What is data management and what does it matter?
Data management is the process of digesting, storing, organizing, and maintaining data created and collected by an organization. Effective data management is an essential part of the deployment of IT systems that execute business plans and provide analytical information to assist operational decision-making and strategic planning by corporate executives, business executives, and other end users.
The data management process involves a combination of different functions; Overall, the goal is to make the data available in precise corporate systems. Most of the work required is done by IT and data management teams, but business users usually participate in some process steps to ensure that the data meets their needs.
This comprehensive guide explains what data management is and provides insights into its individual disciplines, best practices for data management, the challenges organizations face, and the benefits of a successful data management strategy.

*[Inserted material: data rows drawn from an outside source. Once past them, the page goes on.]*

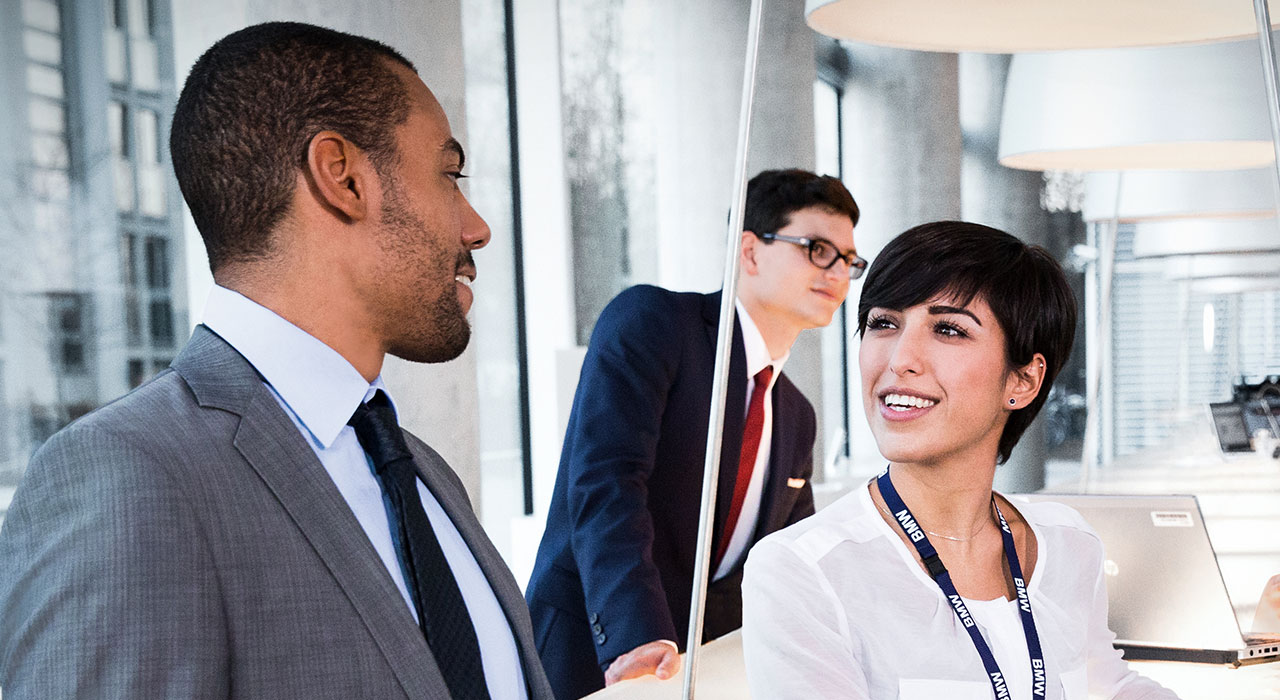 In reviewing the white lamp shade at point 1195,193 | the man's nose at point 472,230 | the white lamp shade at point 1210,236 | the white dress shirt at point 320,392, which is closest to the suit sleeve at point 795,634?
the white dress shirt at point 320,392

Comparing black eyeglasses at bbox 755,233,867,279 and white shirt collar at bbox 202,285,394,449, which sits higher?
black eyeglasses at bbox 755,233,867,279

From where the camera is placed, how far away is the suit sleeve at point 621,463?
8.22 ft

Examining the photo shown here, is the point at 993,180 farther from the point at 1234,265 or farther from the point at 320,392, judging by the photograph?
the point at 320,392

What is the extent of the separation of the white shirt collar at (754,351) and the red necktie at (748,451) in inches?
0.6

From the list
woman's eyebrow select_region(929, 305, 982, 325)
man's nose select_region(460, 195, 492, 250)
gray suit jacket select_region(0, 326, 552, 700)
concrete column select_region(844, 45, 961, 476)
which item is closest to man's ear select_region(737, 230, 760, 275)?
woman's eyebrow select_region(929, 305, 982, 325)

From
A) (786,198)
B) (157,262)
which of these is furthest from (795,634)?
(157,262)

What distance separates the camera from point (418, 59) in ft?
11.1

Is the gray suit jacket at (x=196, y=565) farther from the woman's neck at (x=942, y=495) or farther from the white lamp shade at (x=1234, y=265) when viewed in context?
the white lamp shade at (x=1234, y=265)

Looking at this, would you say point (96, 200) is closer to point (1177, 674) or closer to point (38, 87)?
point (38, 87)

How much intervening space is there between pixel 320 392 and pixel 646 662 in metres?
1.38


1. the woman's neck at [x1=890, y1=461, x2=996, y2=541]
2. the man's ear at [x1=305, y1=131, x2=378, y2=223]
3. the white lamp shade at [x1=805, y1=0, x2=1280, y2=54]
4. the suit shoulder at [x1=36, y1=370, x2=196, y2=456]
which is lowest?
the woman's neck at [x1=890, y1=461, x2=996, y2=541]

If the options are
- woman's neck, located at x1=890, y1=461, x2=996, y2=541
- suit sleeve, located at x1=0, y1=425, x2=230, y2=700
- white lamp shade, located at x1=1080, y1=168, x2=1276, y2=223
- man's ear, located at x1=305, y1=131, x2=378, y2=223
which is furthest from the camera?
white lamp shade, located at x1=1080, y1=168, x2=1276, y2=223

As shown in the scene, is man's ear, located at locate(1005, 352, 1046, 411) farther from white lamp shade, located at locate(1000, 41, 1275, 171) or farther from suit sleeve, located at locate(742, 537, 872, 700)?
white lamp shade, located at locate(1000, 41, 1275, 171)

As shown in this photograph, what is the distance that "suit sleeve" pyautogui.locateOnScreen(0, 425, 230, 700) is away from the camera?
0.89m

The importance of data management
Data is increasingly seen as a corporate asset that can be used to make informed business decisions, improve marketing activities, optimize business operations and reduce costs, with the aim of increasing revenue and profits. But a lack of proper data management can leave organizations with inconsistent data sets and data quality problems that limit their ability to implement business intelligence (BI) and analytics programs, or worse, flawed findings.
It is becoming more important today as businesses come under increasing pressure to comply with regulatory compliance requirements, including privacy and information protection laws such as the GDPR and the Consumer Privacy Act. In addition, companies are recording more and more data volumes and a wider range of data types, both of which are characteristics of Big Data systems, many of which have been used. Without good data management, navigation in such environments becomes difficult.
Types of data management functions
The separate disciplines that are part of the overall process include a series of steps, from data processing and storage to how data is formatted and used in operating and analytical systems. Developing a data architecture is often the first step, especially in large organizations that have a lot of data to manage. Provides a map architecture for the database and other data operating systems to be deployed, including specific technologies tailored to specific applications.
Databases are the most common platform used to store corporate data. They contain a collection of data that is organized so that it can be accessed, updated, and managed. Databases are used in transaction processing systems that generate operational data such as customer records and sales orders and data warehouses, as well as in warehouses that store integrated data sets from business systems for business intelligence and analytics.
Database management is a key function. After launching the databases, monitoring and performance adjustment should be done to maintain an acceptable response time to the database requests that users run to receive information from the data stored in them. Other administrative tasks include designing, configuring, installing, and updating the database, data security; Backup and restore databases and use software upgrades and security patches.
More About Types:
The main technology used to deploy and manage databases is a database management system (DBMS): software that acts as an interface between controlled databases and database administrators, end-users, and the applications that access them. Alternative database operating systems for the database include file systems and cloud object storage services. They store data in less structured ways than mainstream databases, which provide more flexibility in the types of data that can be stored and how they are formatted. As a result, they are not suitable for trading programs.
Other basic disciplines include data modeling, which charts the relationships between data elements and data flows in the system. Data integration, which combines data from different sources for operational and analytical use. Data governance, which sets policies and procedures to ensure that data is consistent across an organization. Finally, data quality management, which aims to fix data errors and inconsistencies. The other is core data management (MDM), which creates a common set of reference data about customers and products.